Their turn was billed Hindu Temple Dances from East India, and prominent beside Krishna’s name was that of the leading dancer Lila Devi. (It was the first official appearance of the name Lila, the one Laila assumed and retained thereafter.) Krishna had devised a cardboard construct of a South Indian temple; the incense that drifted out of two tall burners on either side and the shadows cast by the flickering light of a lamp in one corner where the musicians were seated, turned it into sand and stone for the audience. Vijaya had set up her brass statue of the Nataraja, the Dancing Shiva, and although no marigolds were to be had, or the chrysanthemums that might have imitated them, a handful of sunflowers had been found and thrust into a brass vase before it while the Bhambanis of Asia Bazaar had arranged for a garland of roses.
This Laila held in her hands as she appeared out of the portals of the temple (the audience did not question why Radha the Shepherdess should emerge from a South Indian temple rather than a grove upon a northern river bank). The flute piped up its sweet lament and to its tune the Divine Lover appeared from the shadows, garbed in blue body paint, gold jewellery and peacock feathers and only a brief saffron loincloth. He performed his dance, Radha garlanded him, and the themes of love and worship blended into each other without anyone noticing.
In some confusion, the audience stirred and clapped, yawned and sighed, then sat up for the next item, the livelier spectacle of a Turkish dervish dance. A great many waiters had been rounded up from around the city, as well as sailors from ships at the docks that were held up for one reason or another; now they were dressed in white robes, topped with tarbooshes and set whirling in giddy circles. Laila appeared once more, and, to everyone’s relief, not in a sepulchral temple courtyard but in the gaiety and colour of an eastern bazaar. For this Krishna’s good friend and patron, Jal Bhambani, had been entirely responsible: the carpets strewn about so lavishly, the baskets heaped with bananas and oranges, even watermelons split into halves and quarters upon brass trays, garlands of paper flowers drenched in rose and jasmine water, and a multitude of brass pots and vessels everywhere. Shanta and Chandra wandered through this maze of merchandise, baskets of fruit and flowers held on their heads or at their waists, and Krishna had transformed some of the clerks from Asia Bazaar by dressing them in gold vests and bright turbans into rich customers who engaged them in banter. Krishna himself was seated centre stage, dressed in rustic rags of ochre and russet, a disreputable turban askew on his head, bending and swaying vigorously as he played his pipe above a flat basket before him.
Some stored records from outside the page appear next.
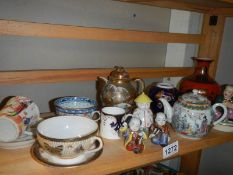 A mixed lot of oriental ceramics including tea ware.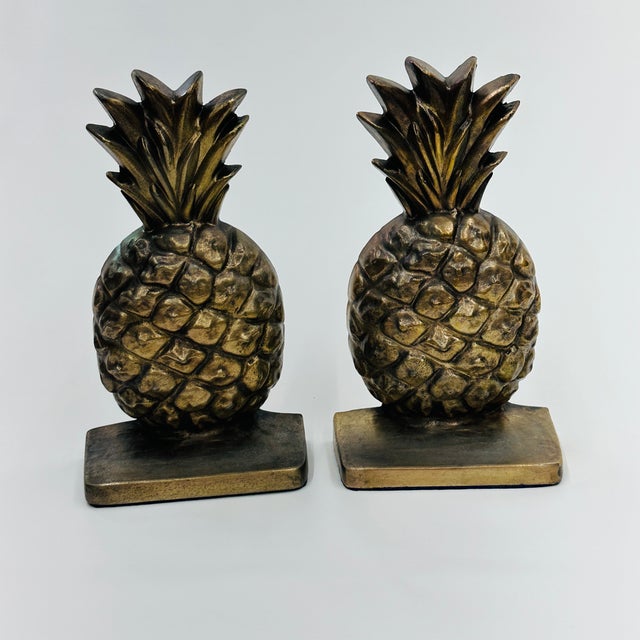 Solid Brass Pineapple Bookends set of 2 These heavy, high-quality pieces are not just functional book supports; they are a...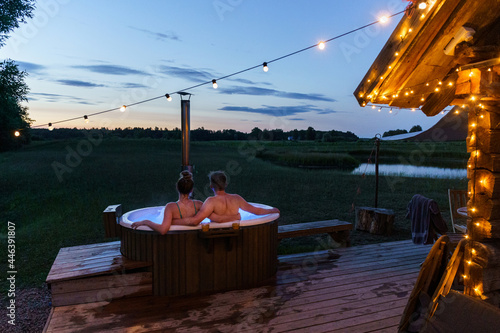 Obraz na płótnie Young couple enjoy outside ofuro japanese hot tub in romantic environment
He leant forward to remove the lid from the basket, and the rings on his fingers with huge green glass jewels soldered onto them gave a sinister glitter. It was at this point that Laila sidled onto the stage in a flesh-coloured body suit striped here and there with black. Her eyes had been painted with kohl into long, large spheres, and her hands covered by Vijaya with intricate henna patterns, making them positively like snake skin. She lifted her arms and began to ripple them with a sinuous, boneless motion, then wrapped them around herself, her fingers too beginning to ripple, while her feet slithered over the floor as she mimed a dancing cobra. The itinerant hawkers and customers stopped to watch, Krishna’s pipe played and played till at last it arrived at a long hiss and Laila, as cobra, subsided to the ground and vanished beneath the ochre shawl that he flung over her as a lid.
The audience had gasped to begin with; some had even whistled, but after the rippling and slithering had gone on for a while, a certain restlessness set in, and in subsequent performances Krishna elaborated the minimal roles of Chandra and Shanta to add to the movement on the stage, much to their delight.
‘They will not detract any attention from your central role,’ he assured Laila who replied in a low voice, ‘If you ask me to leave the stage altogether, I shall not mind a bit.’
There was no question of that and after an Egyptian belly dancer had displayed her delectably roly-poly skills, and a Japanese dance that confused Madame Butterfly with a dancing insect rather than the tragic heroine of an opera, Laila returned to the stage for the final dance concocted by Krishna to woo the New York audience: a Hindu wedding for which she was dressed in a sari of scarlet sprinkled with gold spangles and edged with tiny bells. She played the modest, the shy, the flirtatious and eventually ecstatic bride, to begin with seated and her sari drawn veil-like over her face, then, in response to Krishna’s questing look and pleading gestures, raising it to reveal herself and meet his eyes, finally rising to dance with him while Shanta and Chandra showered them with rose petals and Vijaya, clashing her cymbals, sang full-throatedly of love’s sweet madness.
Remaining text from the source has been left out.